Often you get a preinstalled version of Windows on your laptop. If you just want to shrink the Windows partition, you need a tool to resize the partition. Or you can remove the partition first, repartition, then reinstall. Most of the following information I found at the page of Michael Egan <Michael.Egan@sonoma.edu> at http://libweb.sonoma.edu/mike/fujitsu/ .
A well known and reliable, but commercial product is Partition Magic http://www.powerquest.com/product/pm/index.html from Power Quest.

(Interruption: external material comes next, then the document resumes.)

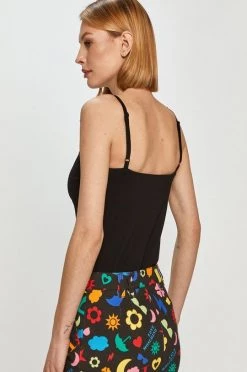 Γυναικεία Αμάνικος Love Moschino - Top μαύρο 8 Γυναικεία Αμάνικος Love Moschino - Top μαύρο -Love Moschino Κατάστημα unnamed file 3688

Many people have used FIPS 15c (which may support FAT-32) http://bmrc.berkeley.edu/people/chaffee/fips/fips.html for repartitioning FAT partition sizes.) Also, another version from a different source is FIPS 2.0 (claims to support FAT-32) http://www.igd.fhg.de/~aschaefe/fips/ for repartitioning FAT partition sizes.)
One more "newer" utility for repartitioning and resizing FAT partitions is Ranish Partition Manager/Utility (FAT-32 support is claimed for this as well, Linux support is taken into account.) http://www.users.intercom.com/~ranish/part/ .
You may share your swap space between Linux and Windows. Please see "Dealing with Limited Resources" section. Also with Linux you can mount any kind of DOS/Windows partition. The other way round there are also some tools, for instance at http://uranus.it.swin.edu.au/~jn/linux/ , which provides a tool to read and write ext2 partitions from Windows9x/NT.
Also you can mount DOS drives of the type
vfat and even compressed drives (Drivespace, etc.). For long file names use
vfat and if you like autoconversion ( a nice feature for text files), you may do so by using the
conv=auto option. I have used this in my /etc/fstab, but be aware this might cause some strange behaviour sometimes, look at the kernel docs for further details.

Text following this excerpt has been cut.